In each of these longer-term plans, threshold ECDSA is a crucial component. Each of these will improve security of access from plain browsers in a different, valuable way. At the same time, solving each of these still requires significant additional effort.
Conclusion
Providing access through additional software (such as a web extension on the user's device, or a mobile app that wraps a web browser) or by serving the assets directly into a plain web browser are not contradictory; they are complementary. They serve different user bases with different needs for security and interoperability. This is true for any blockchain, including the IC.

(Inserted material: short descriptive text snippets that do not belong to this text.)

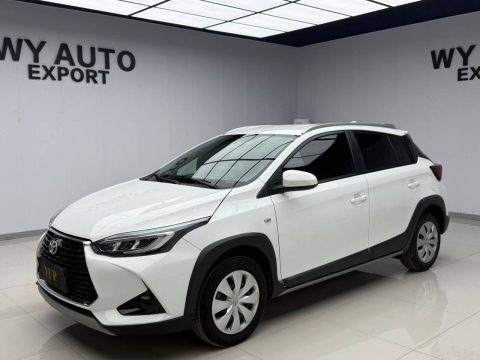 Toyota Yaris 2022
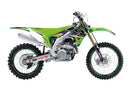 Dream 5 Graphic Kit Black / Blue / Green For Kawasaki KX 250 2021-2024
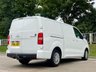 USED 2018 18 TOYOTA PROACE 2.0 L2 COMFORT 118 BHP GENUINE LOW MILES ** NO VAT **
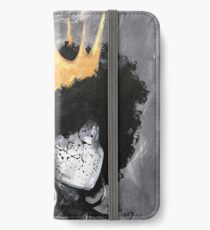 Vinilo o funda para iPhone Naturalmente Queen II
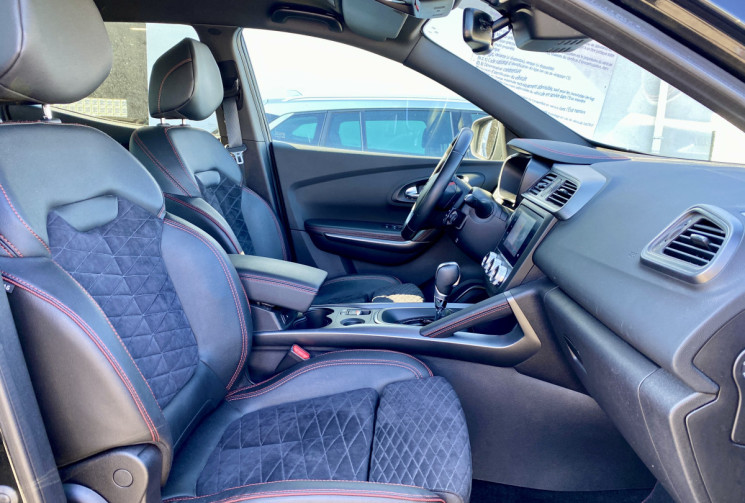 Renault Kadjar Phase 2 1.5 Blue dCi FWD EDC7 115 BVA BLACK EDITION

At this level of comparing additional software with plain browser access, I do not see a contradiction with PN – I do see different strategies in developing both options and different strategies in interoperability with vs. separation from web2. And that's perfectly legitimate.
As far as I understood, PN intends to serve dapp front ends from their own chain but have them interact with smart contracts on other chains. If that is true, it still seems difficult to validate the outputs of those smart contracts. The IC's threshold signatures make that type of validation easy – even in standard browsers; whether via a Web Extension or by code served through HTTPS, and on any device. That seems to be the fundamental difference.
And so, just to answer the question posed in the title of PN's post ("Is Point Network a Threat to Internet Computer ($ICP)/Dfinity?"): No, it's not. (Nor is it doing anything that the IC cannot do today.)